Il était une fois un homme riche et généreux qui vivait à Boukhara. Cet homme occupait un rang élevé dans la hiérarchie invisible : c'est pourquoi on l'appelait le “Seigneur du Monde”. Chaque jour, le seigneur donnait de l'or à une catégorie de gens : les malades, les veuves, les misérables… Il mettait une seule condition à sa libéralité : personne ne devait mendier avec sa langue, ni ouvrir la bouche pour dire quoi que ce soit.
Tous n'étaient pas capables de garder le silence.
Ce jour-là, c'était au tour des juristes de recevoir les dons de l'homme généreux de Boukhara. L'un d'eux ne put se dominer : il fit appel à sa générosité dans un long plaidoyer, et ne reçut rien.
Il revint à la charge le lendemain. C'était le tour des malades. Il attacha des attelles à son tibia, à gauche et à droite, afin qu'on puisse supposer que sa jambe était cassée. Le seigneur le vit, le reconnut et ne lui donna rien. Il essaya encore maintes et maintes fois ; il se déguisa même en femme : chaque fois, le seigneur le reconnut et ne lui fit pas l'aumône.
Il se rendit finalement chez un marchand de linceuls.
“Enveloppe-moi dans un suaire, lui dit-il, puis étends-moi au bord de la route. Quand le seigneur passera, peut-être croira-t-il voir un cadavre et jettera-t-il de l'argent pour les funérailles. Je t'en donnerai une partie.”

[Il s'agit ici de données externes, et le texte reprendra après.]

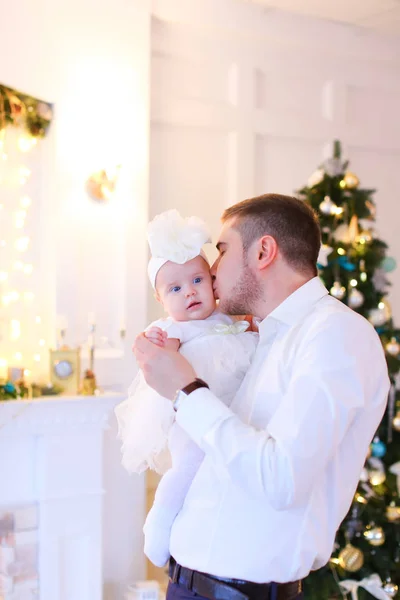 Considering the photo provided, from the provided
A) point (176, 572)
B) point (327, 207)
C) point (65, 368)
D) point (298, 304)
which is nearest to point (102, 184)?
point (65, 368)

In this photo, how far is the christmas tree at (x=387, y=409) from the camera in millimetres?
3391

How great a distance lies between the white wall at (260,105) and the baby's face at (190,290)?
6.65 ft

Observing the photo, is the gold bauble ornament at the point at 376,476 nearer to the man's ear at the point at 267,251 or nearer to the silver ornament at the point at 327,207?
the silver ornament at the point at 327,207

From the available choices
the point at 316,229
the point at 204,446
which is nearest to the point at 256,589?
the point at 204,446

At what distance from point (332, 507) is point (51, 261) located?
2.33 metres

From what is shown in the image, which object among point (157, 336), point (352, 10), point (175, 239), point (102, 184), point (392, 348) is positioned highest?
point (352, 10)

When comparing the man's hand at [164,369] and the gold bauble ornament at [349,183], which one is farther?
the gold bauble ornament at [349,183]

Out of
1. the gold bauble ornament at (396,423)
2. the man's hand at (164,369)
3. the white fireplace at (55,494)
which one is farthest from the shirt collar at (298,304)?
the gold bauble ornament at (396,423)

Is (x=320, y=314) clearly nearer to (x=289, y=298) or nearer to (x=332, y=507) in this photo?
(x=289, y=298)

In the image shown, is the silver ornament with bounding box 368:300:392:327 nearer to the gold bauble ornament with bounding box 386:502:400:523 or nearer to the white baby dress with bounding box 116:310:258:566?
the gold bauble ornament with bounding box 386:502:400:523

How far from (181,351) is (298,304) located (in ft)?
1.24

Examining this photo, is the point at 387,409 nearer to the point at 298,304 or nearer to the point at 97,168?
the point at 97,168

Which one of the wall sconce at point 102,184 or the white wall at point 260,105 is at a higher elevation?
A: the white wall at point 260,105

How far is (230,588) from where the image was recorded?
1.50m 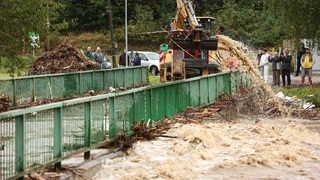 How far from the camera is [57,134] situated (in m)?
6.27

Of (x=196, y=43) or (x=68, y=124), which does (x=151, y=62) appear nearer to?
(x=196, y=43)

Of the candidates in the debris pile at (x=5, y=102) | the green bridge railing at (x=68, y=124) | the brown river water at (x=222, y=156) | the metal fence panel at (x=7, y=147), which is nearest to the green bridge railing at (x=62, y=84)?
the debris pile at (x=5, y=102)

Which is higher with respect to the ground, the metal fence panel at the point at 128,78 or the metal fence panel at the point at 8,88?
the metal fence panel at the point at 128,78

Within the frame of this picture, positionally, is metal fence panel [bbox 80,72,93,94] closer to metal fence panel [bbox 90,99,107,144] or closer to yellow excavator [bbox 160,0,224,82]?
yellow excavator [bbox 160,0,224,82]

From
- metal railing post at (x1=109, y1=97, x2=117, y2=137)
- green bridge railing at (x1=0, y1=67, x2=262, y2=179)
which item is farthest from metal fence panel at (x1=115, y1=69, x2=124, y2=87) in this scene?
metal railing post at (x1=109, y1=97, x2=117, y2=137)

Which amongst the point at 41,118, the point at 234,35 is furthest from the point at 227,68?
the point at 234,35

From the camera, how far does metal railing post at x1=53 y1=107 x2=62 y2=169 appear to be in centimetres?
623

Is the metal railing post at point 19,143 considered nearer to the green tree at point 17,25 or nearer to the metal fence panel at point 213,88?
the green tree at point 17,25

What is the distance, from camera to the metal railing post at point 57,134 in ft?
20.4

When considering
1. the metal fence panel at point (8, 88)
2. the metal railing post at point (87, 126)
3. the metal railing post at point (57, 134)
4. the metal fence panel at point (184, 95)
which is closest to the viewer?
the metal railing post at point (57, 134)

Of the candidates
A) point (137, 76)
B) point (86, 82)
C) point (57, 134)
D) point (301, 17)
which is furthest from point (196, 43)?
A: point (301, 17)

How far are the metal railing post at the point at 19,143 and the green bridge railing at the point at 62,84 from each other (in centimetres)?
717

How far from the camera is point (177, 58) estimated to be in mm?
15805

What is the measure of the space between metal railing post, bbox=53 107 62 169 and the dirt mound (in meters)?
12.5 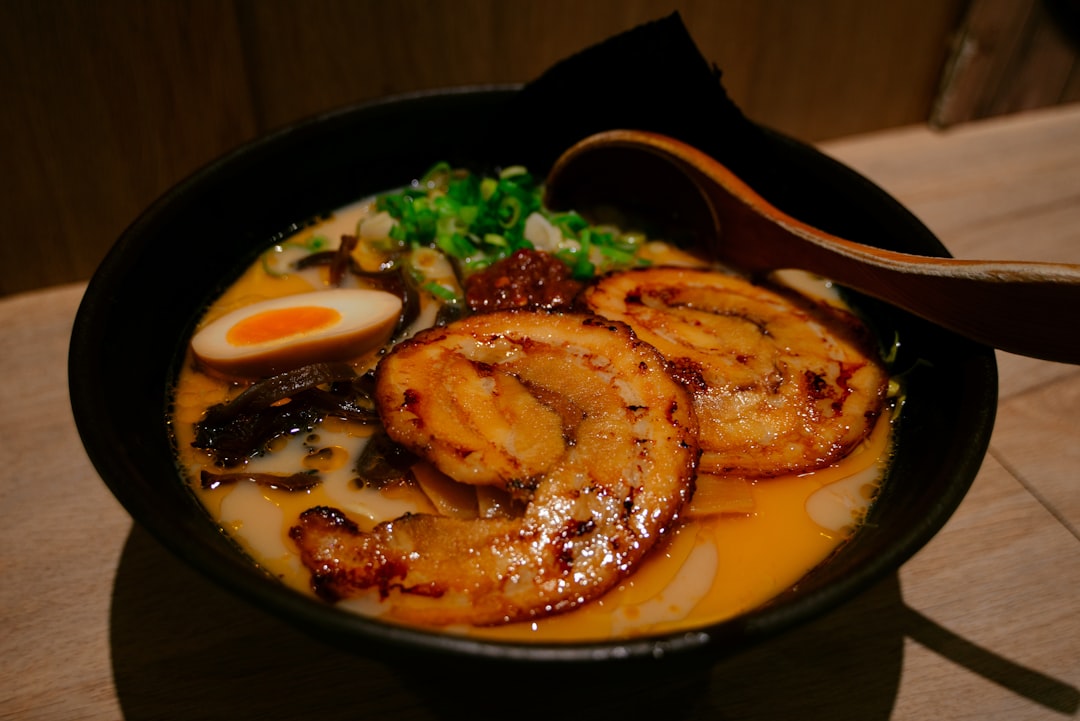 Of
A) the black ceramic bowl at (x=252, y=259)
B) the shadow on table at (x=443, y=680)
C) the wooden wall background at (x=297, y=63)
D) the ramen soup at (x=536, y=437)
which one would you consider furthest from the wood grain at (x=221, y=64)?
the shadow on table at (x=443, y=680)

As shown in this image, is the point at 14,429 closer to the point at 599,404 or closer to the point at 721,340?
the point at 599,404

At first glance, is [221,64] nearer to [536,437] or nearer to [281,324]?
[281,324]

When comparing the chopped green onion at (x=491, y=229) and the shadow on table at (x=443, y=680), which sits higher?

Le marchand de linceuls fit ce que le juriste avait dit. Le seigneur vint à passer, et laissa tomber une pièce d'or sur le suaire ; le juriste saisit la pièce de peur que le marchand ne la prenne avant lui.
“Ce que tu m'as toujours refusé, vois comment je l'ai obtenu ! dit-il au bienfaiteur.
- Tu ne peux rien recevoir de moi, répondit l'homme généreux, tant que tu n'es pas mort. C'est le sens de la formule : “L'homme doit mourir avant de mourir.” Le don vient après la “mort”, pas avant. Et même cette “mort” n'est pas possible sans aide.”